Episodes in the "traditional" first season of Euphoria moved at a breakneck pace, with a staggering amount of setups flying fast and furiously, the camera swiveling and moving around, the editing rhythm non-traditional, stylized, performative. Not so with this special; this long, enveloping conversation is covered with skill and panache, yes, but with unending patience, stillness, comfort in the discomfort; it plays something like Paul Thomas Anderson shooting My Dinner with Andre.

All of this makes for an unorthodox, gripping, reflective, and supremely effective piece of television storytelling, another feather in the cap for the Euphoria team thus far. Until, briefly, the special tells us we’re supposed to feel this way. At this moment, I was suddenly thrown out of sync with the episode, ripped from my earnest engagement with what it was laying down, cynically rolling my eyes.
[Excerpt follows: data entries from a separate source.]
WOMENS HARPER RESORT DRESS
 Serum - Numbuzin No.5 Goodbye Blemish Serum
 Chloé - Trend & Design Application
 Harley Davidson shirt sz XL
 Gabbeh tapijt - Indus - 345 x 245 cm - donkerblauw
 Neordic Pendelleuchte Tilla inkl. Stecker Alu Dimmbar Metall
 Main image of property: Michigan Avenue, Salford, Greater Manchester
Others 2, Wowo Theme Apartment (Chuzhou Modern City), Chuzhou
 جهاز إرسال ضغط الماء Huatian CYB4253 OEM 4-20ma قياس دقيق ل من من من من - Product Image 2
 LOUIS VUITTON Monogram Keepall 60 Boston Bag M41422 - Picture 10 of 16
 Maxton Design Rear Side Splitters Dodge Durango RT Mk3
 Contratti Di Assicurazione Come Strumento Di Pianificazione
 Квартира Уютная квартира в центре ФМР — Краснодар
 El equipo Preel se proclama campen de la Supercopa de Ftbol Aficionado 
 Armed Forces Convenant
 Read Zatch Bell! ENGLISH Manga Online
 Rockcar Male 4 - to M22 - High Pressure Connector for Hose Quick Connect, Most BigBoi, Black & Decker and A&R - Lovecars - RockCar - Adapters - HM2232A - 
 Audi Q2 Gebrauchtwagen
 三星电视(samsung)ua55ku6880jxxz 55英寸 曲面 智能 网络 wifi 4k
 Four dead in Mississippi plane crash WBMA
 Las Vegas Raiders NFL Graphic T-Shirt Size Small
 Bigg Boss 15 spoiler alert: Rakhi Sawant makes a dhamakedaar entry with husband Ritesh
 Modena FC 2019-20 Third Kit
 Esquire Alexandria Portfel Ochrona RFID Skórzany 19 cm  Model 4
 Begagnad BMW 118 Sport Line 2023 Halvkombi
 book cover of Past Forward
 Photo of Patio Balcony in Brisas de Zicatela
Colman Domingo in the Euphoria Special Episode 1
Image via HBO

Rue is at her wit’s end, talking about the purposelessness of her life, the unforgivable nature of her actions, the intention to limit her time on Earth. Ali encourages her to find a “poetry” within these aggravating pieces of mystery, to engage with the inherently un-engageable crises of existence. This idea of “poetry” comes up twice in the episode, as a kind of episodic bookend. The first time, it is clearly tracked to Rue and their conversation, feeling enmeshed within the text itself beautifully. The second time, Levinson reaches just a little too far out to his audience, especially a kind of made-up audience who might not be into this experimentally quiet two-hander version of Euphoria. It’s a defensive, meta-textual plea, and it is quizzical. Here’s Ali’s line in question:

"Thinking about those questions, those ideas, they’re a large part of what makes this life worth living. Right? That’s what I was talking about earlier. You gotta believe in the poetry. The value of two people sitting in a diner on Christmas Eve, talking about life. Addiction. Loss."

God, I want to be all-in on this line, this sentiment, this poetry. But it cannot help but play like a justification for this episode’s structure, which is quite literally two people sitting in a diner on Christmas Eve, talking about life, addiction, and loss. It feels like Levinson patting himself on the back, telling himself it’s okay to write something so explicitly interested in just thinking about ideas, without a ton of narrative momentum or action, and subsequently telling us that we need to be on board and believe in it. Yes, it makes sense to an extent for Ali to tell Rue this at this time, and yes Domingo sells the line as excellently as he can. But even though Domingo is inserting himself within the text as immersively as possible, Levinson’s line can’t help but feel frozen in visible authorial quotes.

This ain’t the first time Euphoria has gone a bit meta; the Season 1 finale ends with an out-and-out music video, while Rue/Zendaya often sang and danced directly to us. But it did so with no abandon, with utter confidence in itself, without feeling the need to ask for permission or forgiveness. I love Euphoria because of its courage, despite its characters’ deep vulnerabilities. I’m here for an hour-long episode of two people talking about everything in a diner; I’m here for its poetry. I’m just not here for the poet explaining why I need to be.

"Euphoria Special Episode Part 1: Rue" is now streaming on HBO Max.